START Provided records
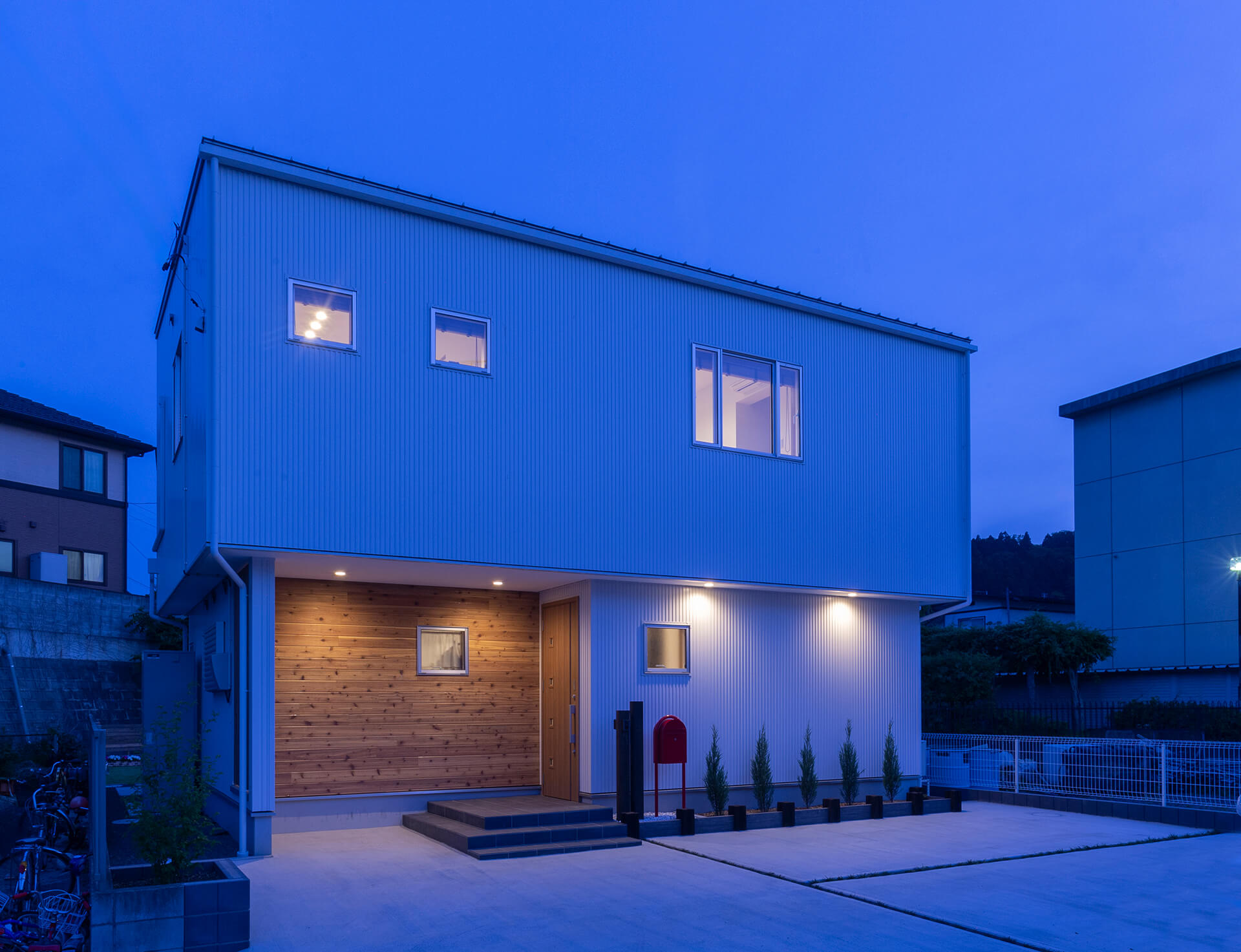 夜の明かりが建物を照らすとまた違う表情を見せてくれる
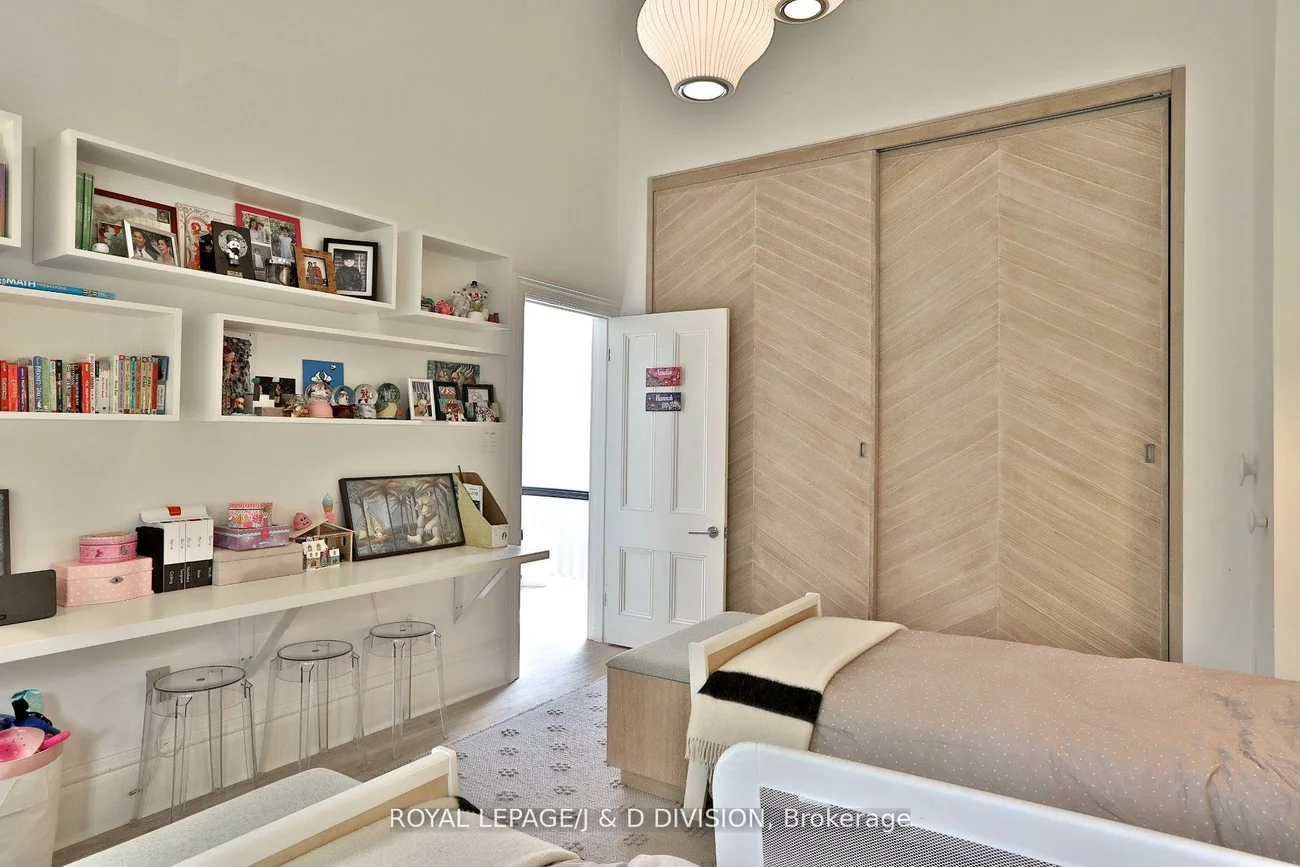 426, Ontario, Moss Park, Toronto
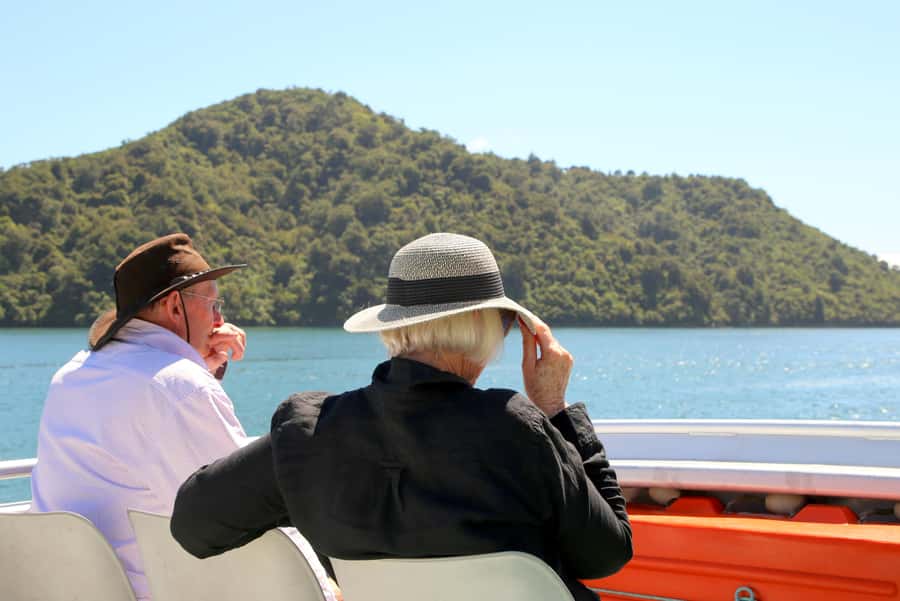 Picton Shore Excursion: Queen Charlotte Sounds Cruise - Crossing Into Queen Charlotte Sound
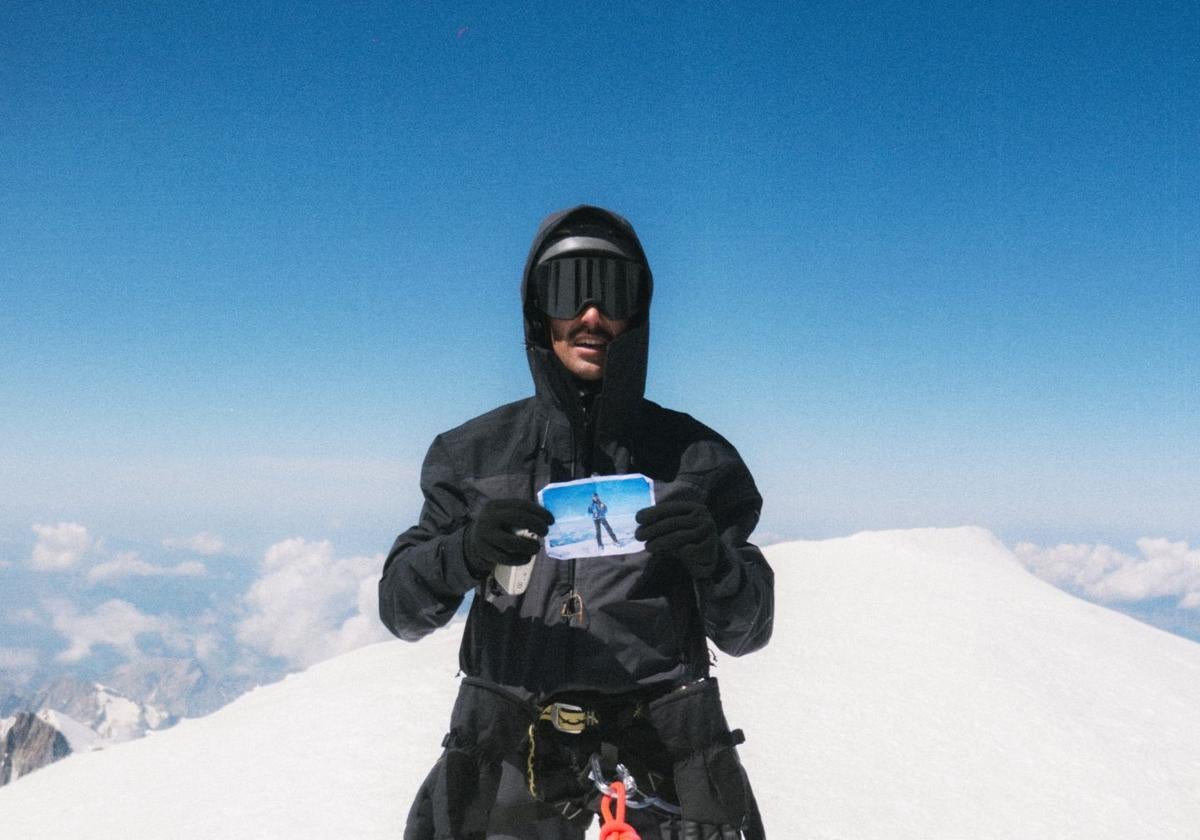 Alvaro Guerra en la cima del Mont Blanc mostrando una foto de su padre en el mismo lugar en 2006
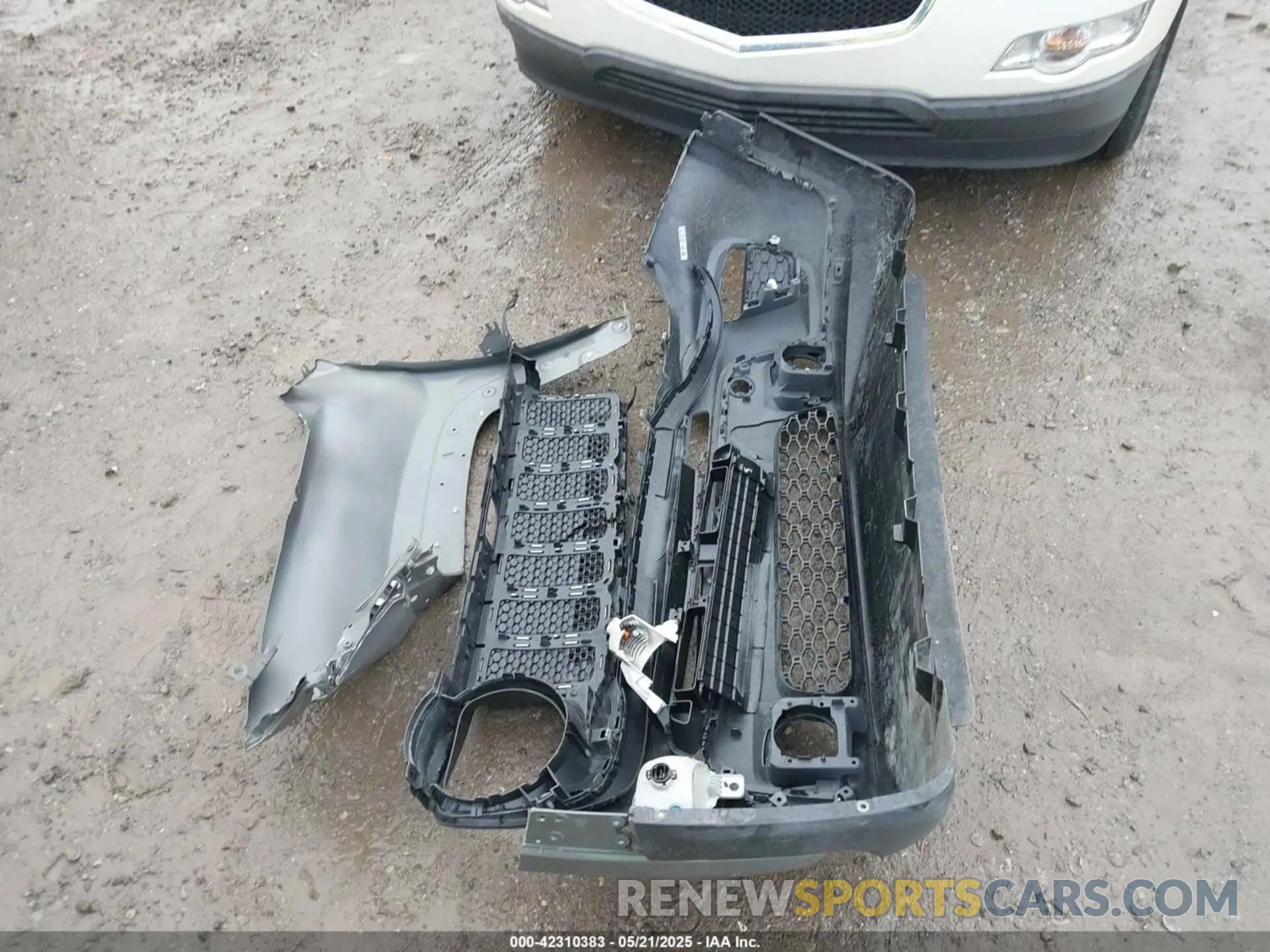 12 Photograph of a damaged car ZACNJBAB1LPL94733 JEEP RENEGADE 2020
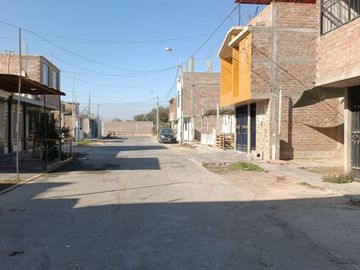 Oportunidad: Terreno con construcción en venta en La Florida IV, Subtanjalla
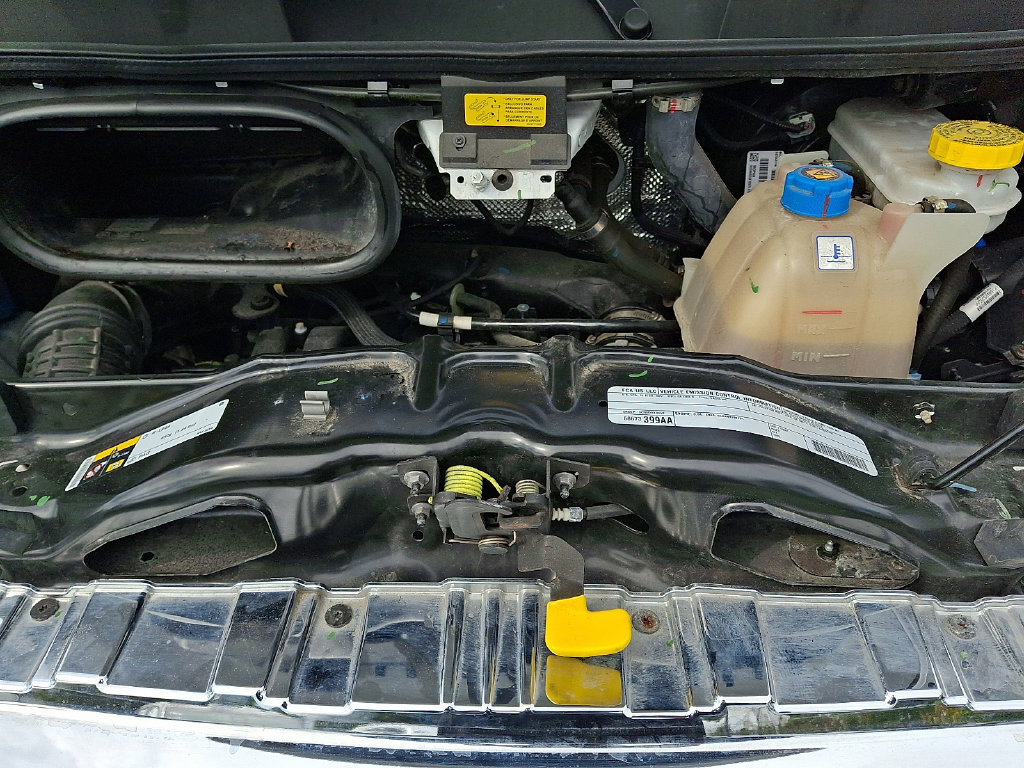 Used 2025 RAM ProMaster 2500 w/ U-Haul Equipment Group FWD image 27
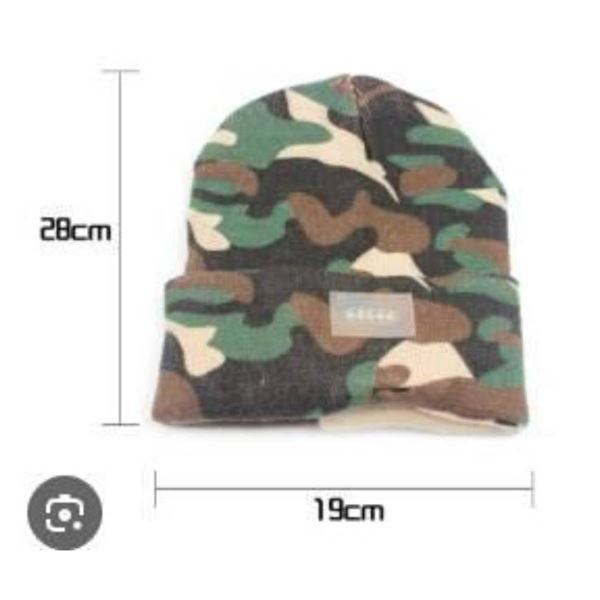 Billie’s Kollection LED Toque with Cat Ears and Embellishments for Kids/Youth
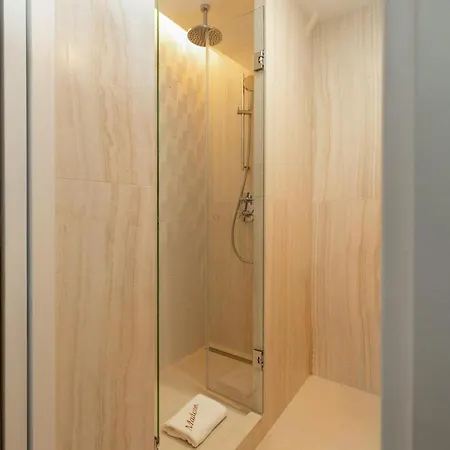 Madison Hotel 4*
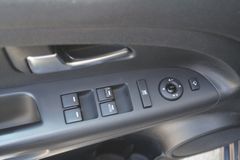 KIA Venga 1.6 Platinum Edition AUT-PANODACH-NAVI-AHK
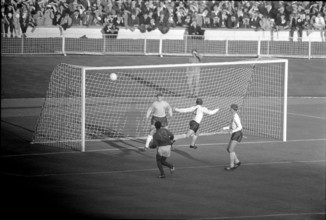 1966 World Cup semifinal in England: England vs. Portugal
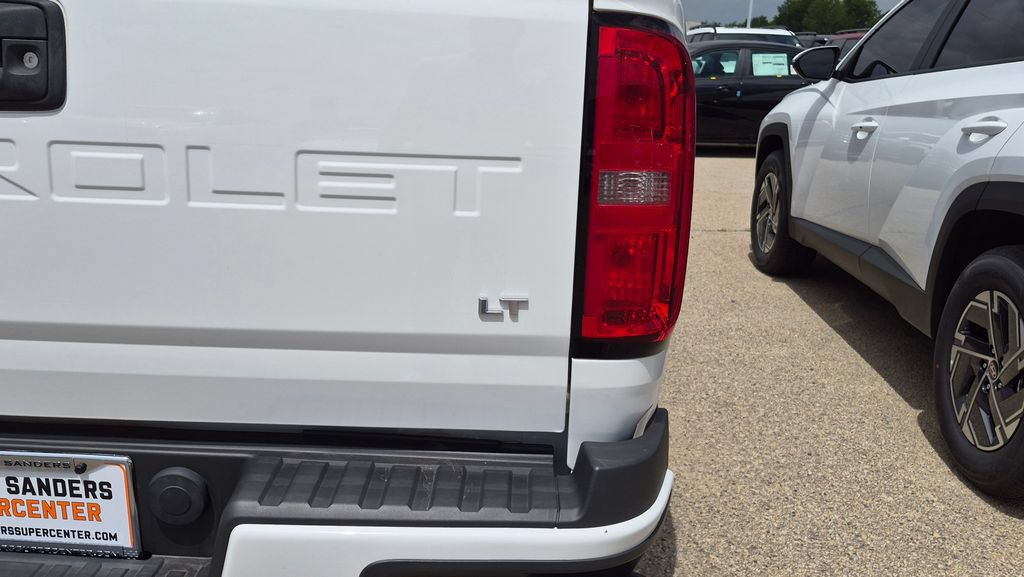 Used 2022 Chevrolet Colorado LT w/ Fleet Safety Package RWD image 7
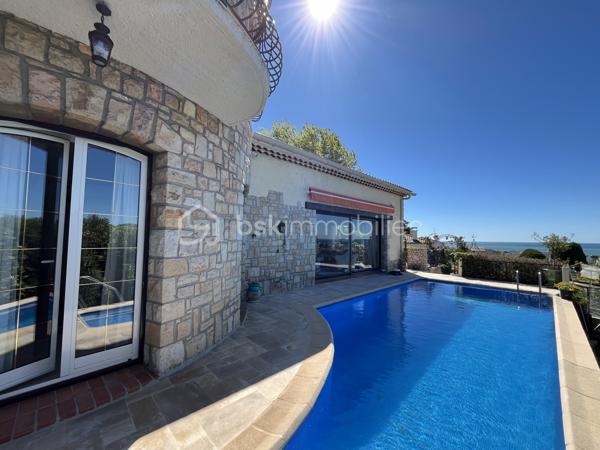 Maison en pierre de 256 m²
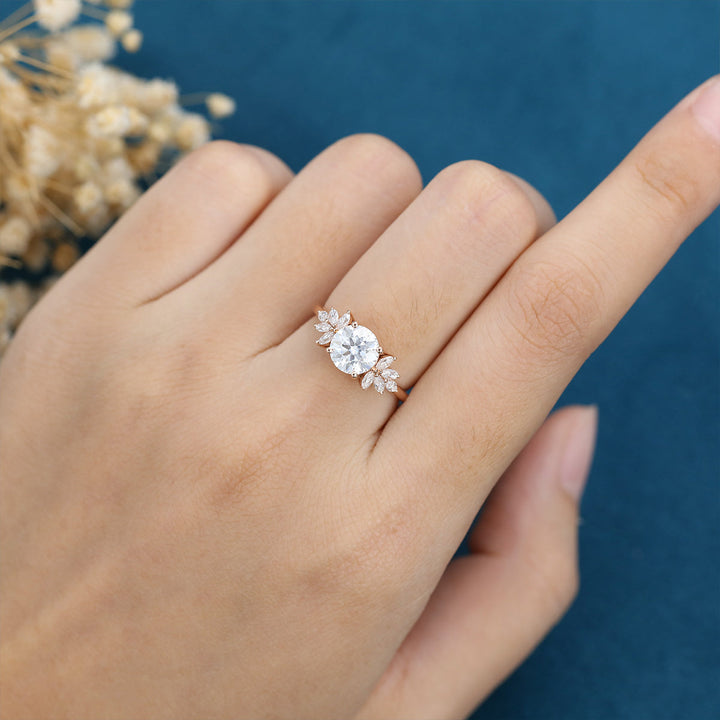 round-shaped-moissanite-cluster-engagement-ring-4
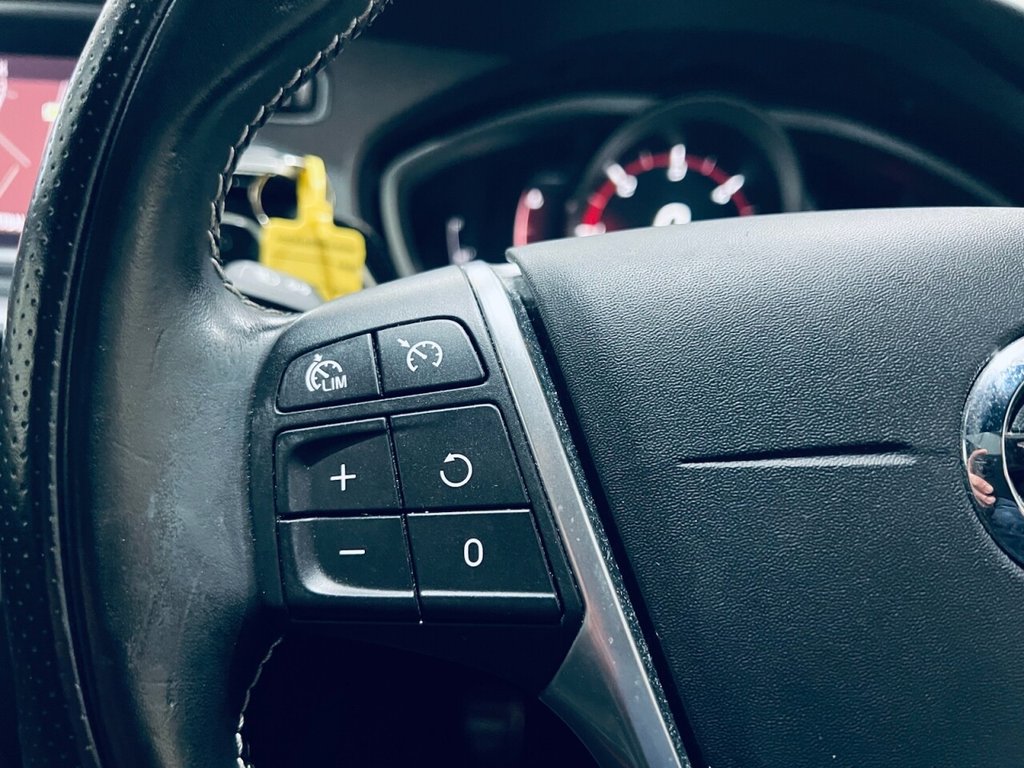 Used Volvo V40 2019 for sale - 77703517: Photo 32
END Provided records
→ Task prompt: Please write out the lines above, beginning at the line with "Madison Hotel 4*" and ending at the last line of the records, exactly as they appear and without pictures.

→ Task result:
 Madison Hotel 4*
 KIA Venga 1.6 Platinum Edition AUT-PANODACH-NAVI-AHK
 1966 World Cup semifinal in England: England vs. Portugal
 Used 2022 Chevrolet Colorado LT w/ Fleet Safety Package RWD image 7
 Maison en pierre de 256 m²
 round-shaped-moissanite-cluster-engagement-ring-4
 Used Volvo V40 2019 for sale - 77703517: Photo 32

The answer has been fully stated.